Be prepared to do some Googling, but if you are an ACG member, here are some resources that can help you get more comfortable with Python and event-driven programming:
Introduction to Python Development (16-hr course)
Using Python for Data Management and Reporting (6-hr course)
Building a Full-Stack Serverless Application on AWS (8-hr course)
You do not need to perform these additional steps to “declare victory” on the challenge, but they will help your project stand out and provide awesome additional learning.
- Create a CI/CD pipeline for your ETL pipeline using GitHub Actions, AWS CodePipeline, or a similar service. Your goal should be to have your Python code and infrastructure update in AWS whenever you push a change to your source control repository.
- Add a “smoke test” to your CI/CD pipeline that downloads a sample CSV file, runs transformations on it, and stores it in the database, then verifies that the correct message is posted to SNS. Find a way to do this without affecting the “production” data from the normal daily job runs.
- Figure out a way to create a dashboard that updates in real time!
Note that you are welcome to adjust the specific data transformations and data fields suggested if you have an idea for a more interesting visualization.
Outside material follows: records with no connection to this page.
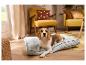Chien beagle allongé sur un coussin gris dans un salon avec des meubles jaunes.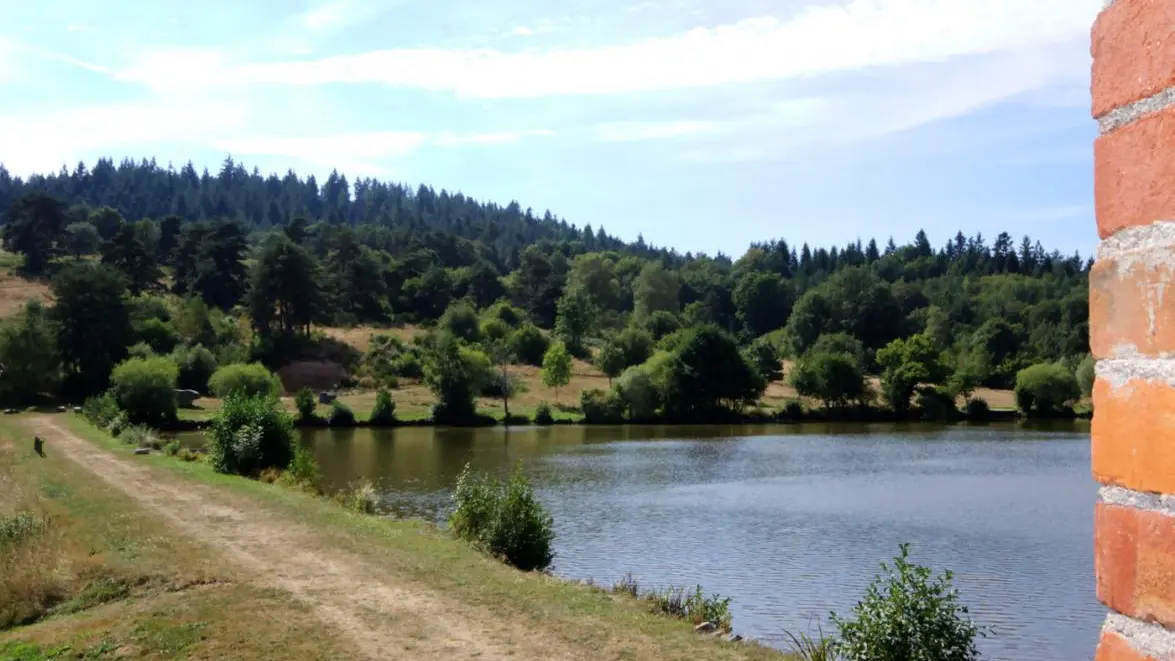 Vue de l'étang situé sur le Domaine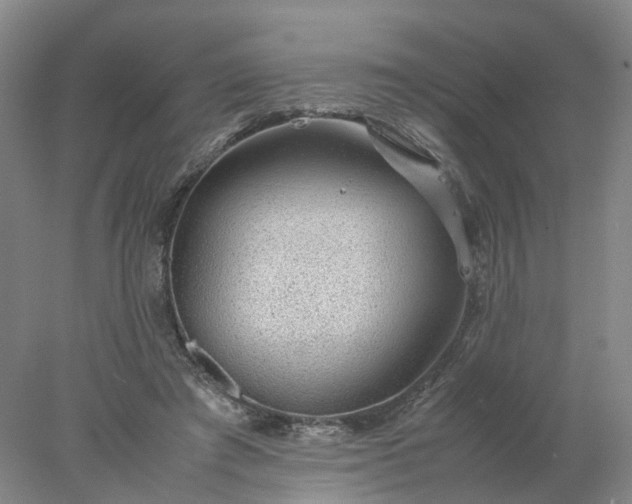 X0000077990401200611101733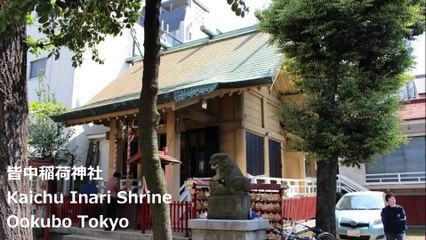 皆中稲荷神社 大久保 东京 / Kaichu Inari Shrine Ookubo Tokyo / 이나 리 신사 오오쿠보의 모든 도쿄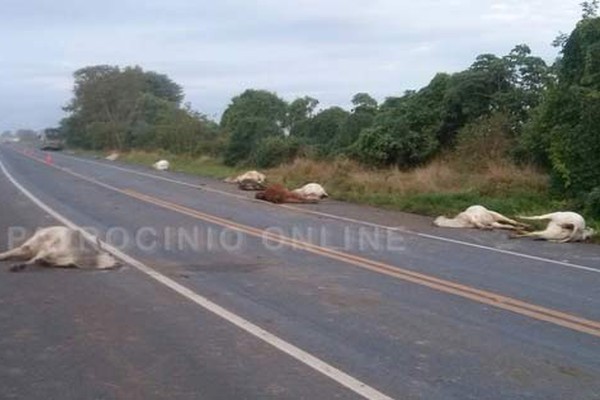 Ônibus de dupla sertaneja que saía de Patos de Minas bate e mata várias cabeças de gado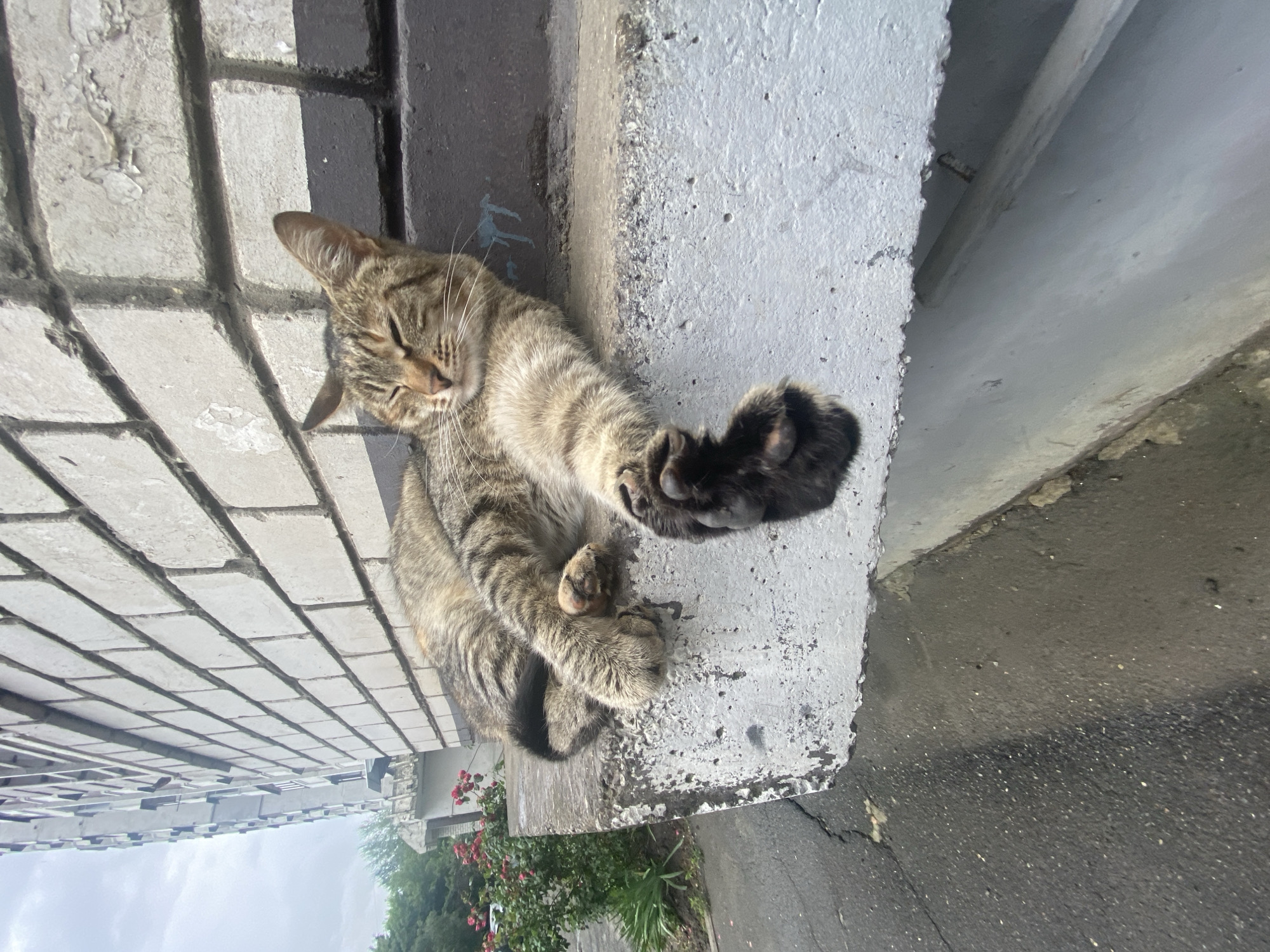 Cats and a dog, caught in casual, unguarded moments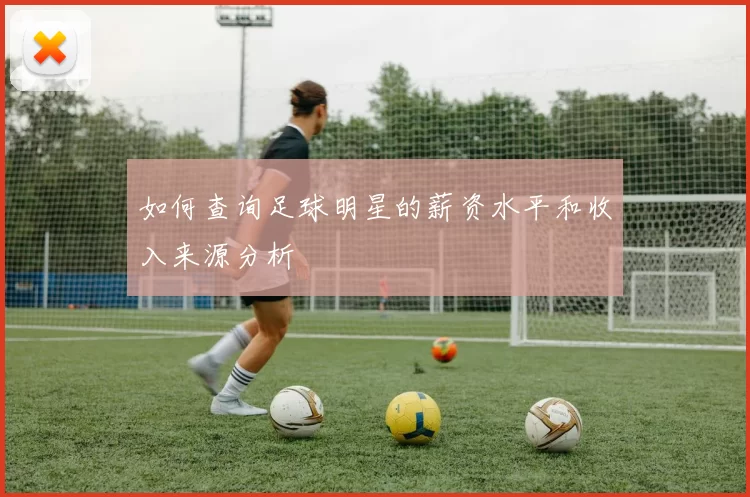 如何查询足球明星的薪资水平和收入来源分析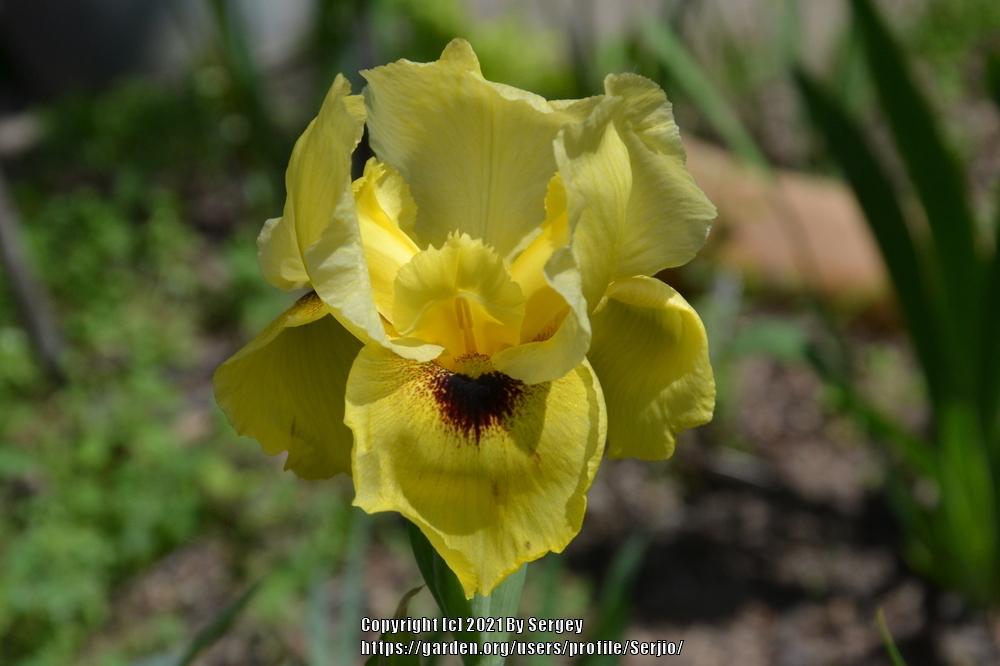 Photo of Arilbred Iris (Iris 'Kiosk') uploaded by Serjio
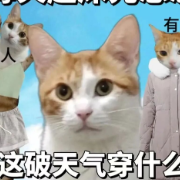 最高29℃!醴陵立冬如立夏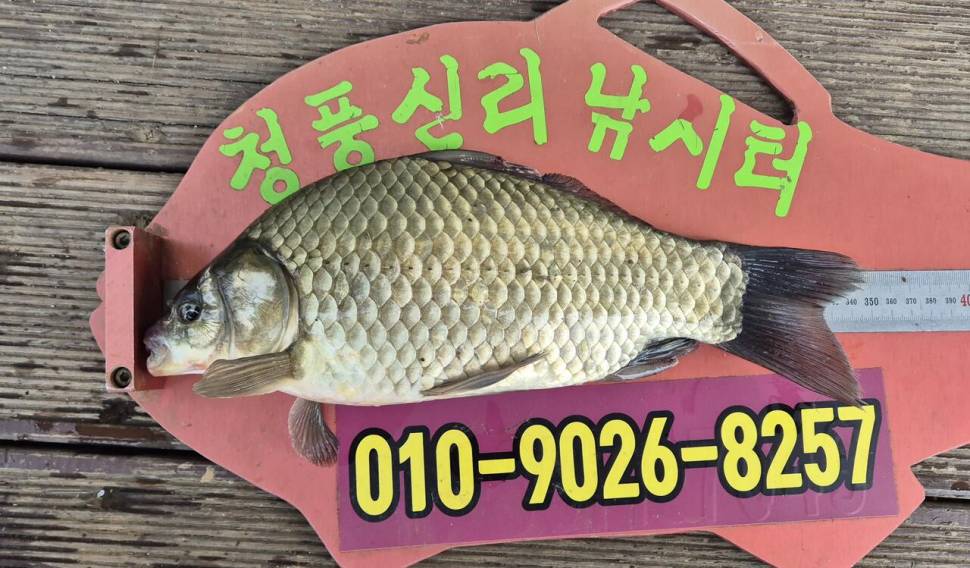 청풍신리낚시터 조황입니다 (조황조행기 - 충주호조황속보)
Feel free to be creative!
This challenge might seem a bit less than flashy at first glance. After all, it’s literally just taking some data from somewhere, combining it with some other data, and then storing it somewhere else. But data manipulation like this is a really common, practical problem that cloud professionals work on! And all the squishy edge cases — what happens if the external data format suddenly changes? — lead to some powerful complexities.
Get through this, and you’ll have a great story to bring up in your next job interview. And I guarantee your hiring manager will start thinking of a story or two of their own.